Brian: Yes, there’s a bunch of them. Being from Detroit originally, I definitely am interested in a lot of the Midwest stuff—so, obviously Detroit techno, aspects of Chicago house, Chicago industrial, so that’s a lot of the old school stuff, electro. But then all the modern versions of those things, synthpop, IDM, electro house, generally dub and anything dub influenced, down tempo. A lot of British music is really influential to me in general. So mainly anything that’s not super mainstream. I work with people that do mainstream stuff, but my own music tends to be some combination of those kind of classic underground styles, kind of put together in novel ways.

RRFC: What do you feel differentiates electronic music as far as the needs for learning audio engineering and music production as opposed to other styles of music? Can you elaborate on what goes into your particular focus?

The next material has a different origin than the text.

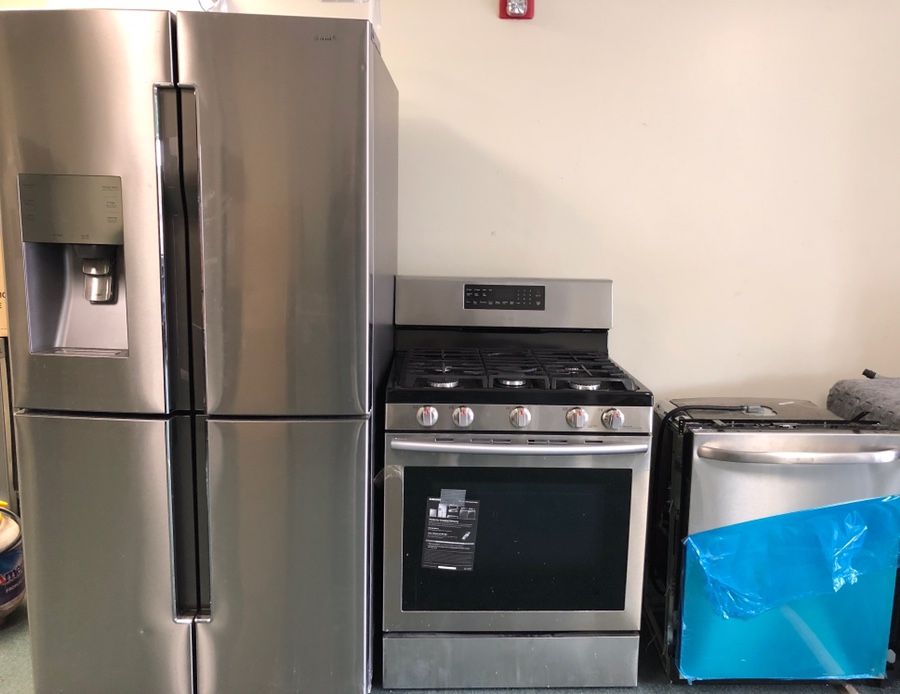 Top of the line stainless steel appliances for sale ! New & used scratch dent items! Warranty and delivery available!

Brian: An electronic musician is primarily doing everything themselves from start to finish. So that would mean that not only would I have to know how to use the technology and the tools to write the music, but I would have to have a sense on how a composition goes together, how a project works from beginning to end, which is of course what a producer’s role is in general, whether they’re overseeing a band or an artist production or your own. It’s seeing something from beginning to end, understanding what the audience is, what the format is, which sounds are appropriate, what length is appropriate. And then depending on the inclination of the electronic music producer, how much of the audio engineering they want to do themselves…Most electronic musicians I know do everything themselves except the mastering when they can afford to use someone who just specializes in mastering.
[break] RRFC: So it is really quite hands-on and learning all aspects. You’re not just learning mixing, you’re not just learning recording, you’ve got to know the entire process front to back.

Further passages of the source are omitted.